Cette situation, en théorie très favorable à une forte emprise de Moscou sur l’Ukraine, s’est singulièrement compliquée avec la victoire de la « révolution orange », menée par les pro-occidentaux, avec à sa tête Ioulia Timochenko et Viktor Iouchtchenko (à présent, respectivement Premier ministre et président de la République). Depuis, la Russie n’hésite pas à utiliser l’arme énergétique afin de dissuader l’Ukraine de s’approcher trop de l’Occident. Moscou l’a déjà fait il y a trois ans, et cette fois les signaux politiques qui accompagnent la hausse du prix du gaz russe vont dans le même sens. Un haut responsable du Conseil de la fédération (chambre haute du Parlement russe), Vadim Goustov, vient de déclarer tout à fait ouvertement que, pour négocier le prix du gaz pour 2009, l’Ukraine doit dire clairement si elle ambitionne de devenir membre de l’Otan ou si elle préfère rester un partenaire de la Russie.
Situation économique interne
Ensuite, le contexte économique interne dans les deux pays, en partie lié à la crise financière et économique mondiale.
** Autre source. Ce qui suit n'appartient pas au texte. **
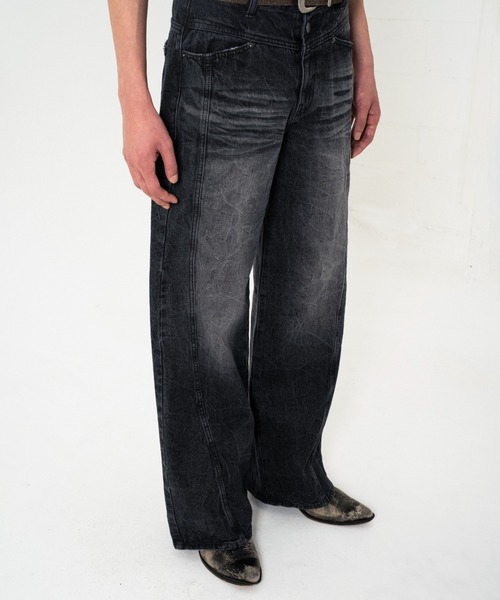 Camphor wood ジーンズ CRUSH FADE SIDE SEEM BOOTS CUT JEANS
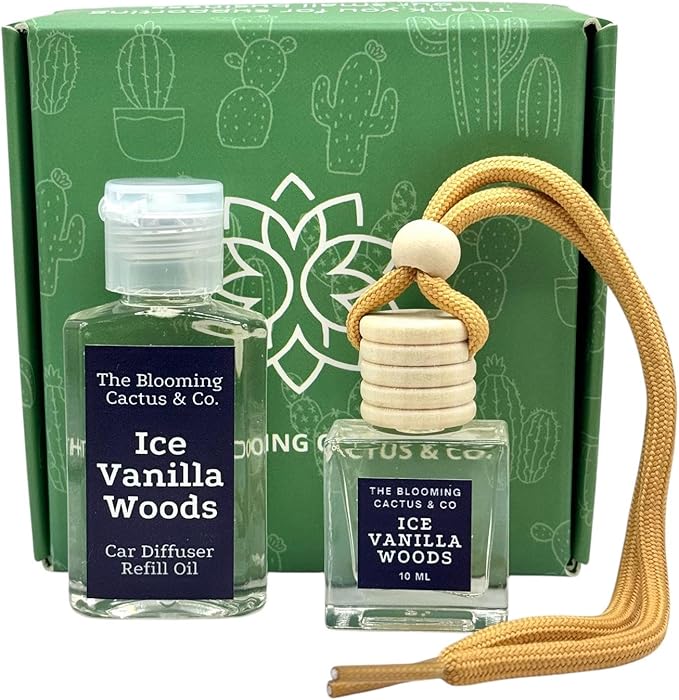 Car Air Freshener with 1 Oz Refill included | Car scented on the go | Car Air Freshener | Long Lasting Hanging Fragrance | Phthalate Free Fragrance. (Iced Vanilla Woods, 10 ml)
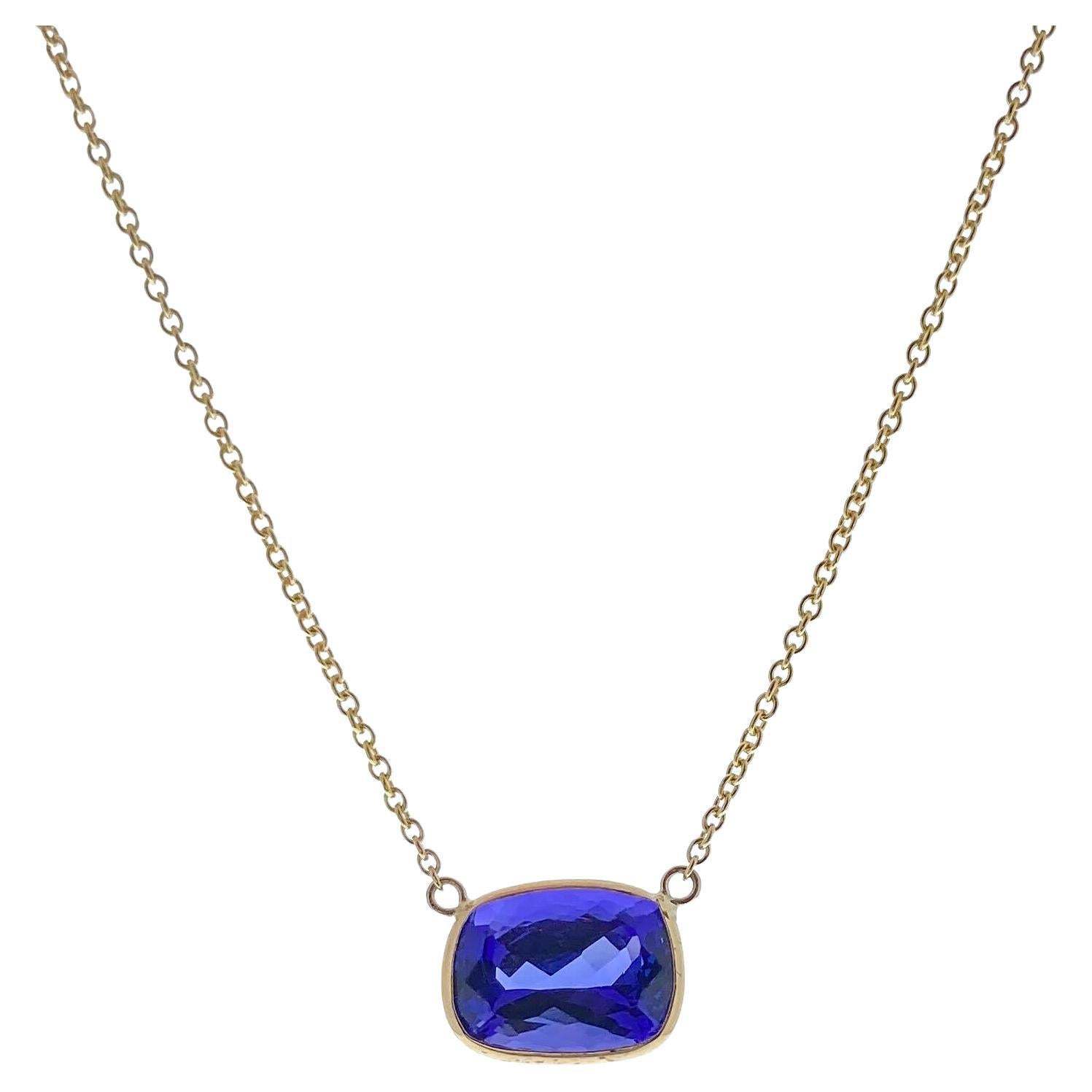 4.25 Carat Cushion Blue Tanzanite Fashion Necklaces In 14k Yellow Gold  For Sale
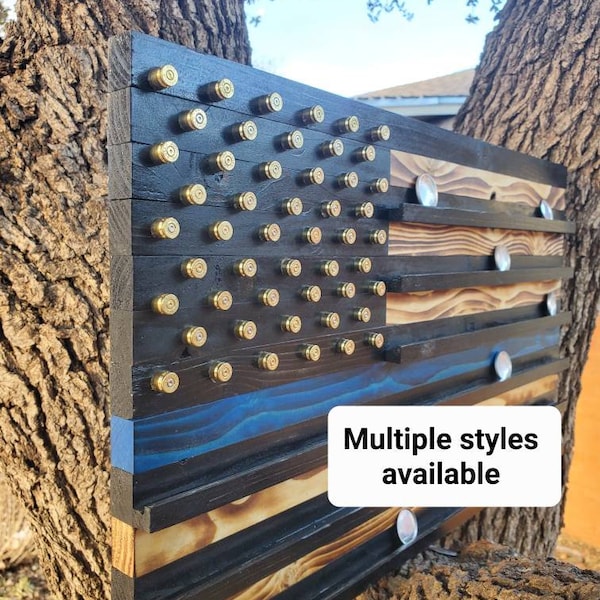 Thin Blue Line Flag Challenge Coin Display: Police, Military Gift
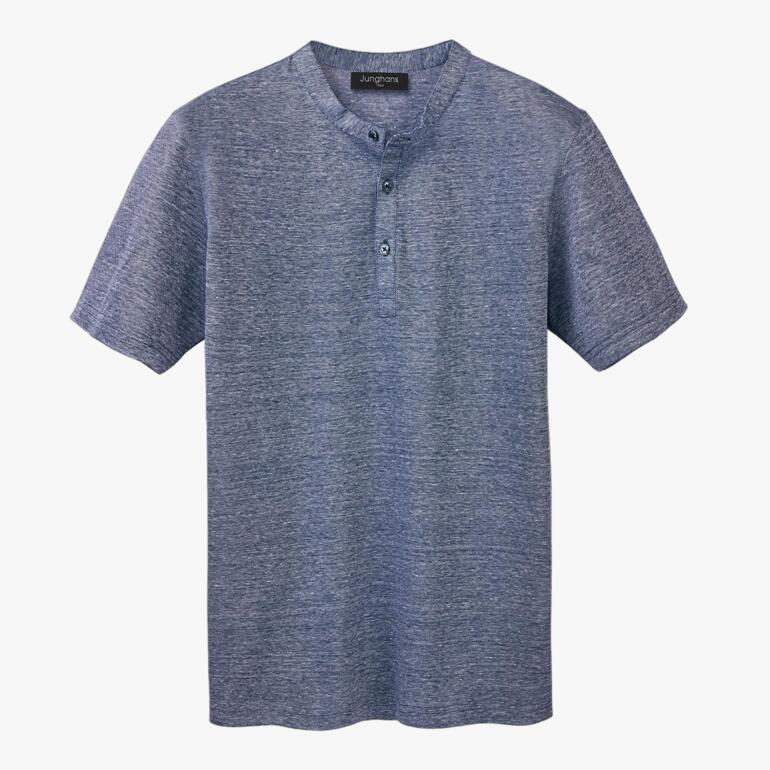Blaues Junghans Piqué-Henley-Shirt ohne Model.
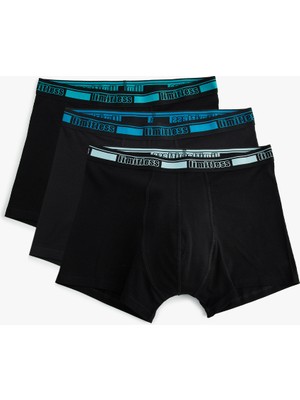 Koton 3'lü Boxer Seti Slim Fit Slogan Baskılı Pamuklu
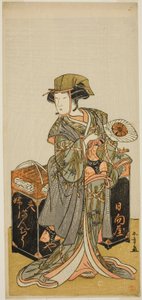 1777 年 11 月に市村座で上演された芝居「稚児鳥居とびいりきつね」で豆菓子行商の日向屋を演じた初代中村富十郎 作： Katsukawa Shunsho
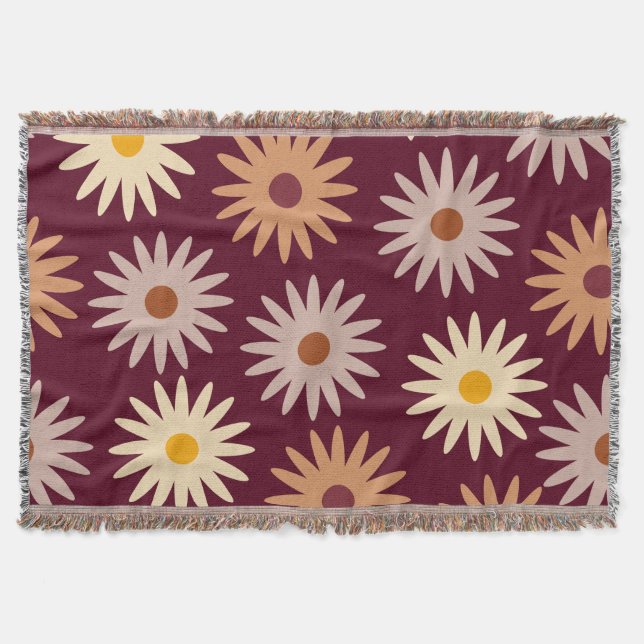 Retro-Boho-Burgunderrot gefranste Wurfdecke Decke (Vorderseite)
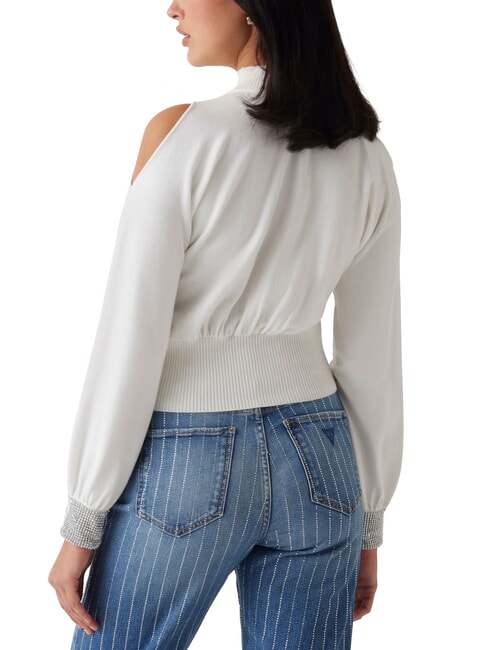 BLING Pulover cu guler înalt și manșete decupate cu strasuri dovwhi - Pulovere pentru femei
La Russie souffre d’une baisse drastique des prix de matières premières énergétiques dont l’exportation constitue le pilier de son économie. Elle n’est donc à présent pas trop disposée à accorder des rabais là où elle n’est pas obligée de le faire. L’Ukraine, elle, souffre d’une forte hausse de l’inflation et d’une non moins forte baisse de son PIB. Elle n’est donc pas du tout disposée à payer plus si elle n’y est pas vraiment contrainte et forcée. Ce qui complique encore plus sa situation, c’est une grave crise politique interne qui déchire depuis des mois le camp « orange ». Elle vient se greffer sur la crise économique et facilite largement la tâche aux Russes quand ils veulent exercer des pressions sur leurs voisins ukrainiens.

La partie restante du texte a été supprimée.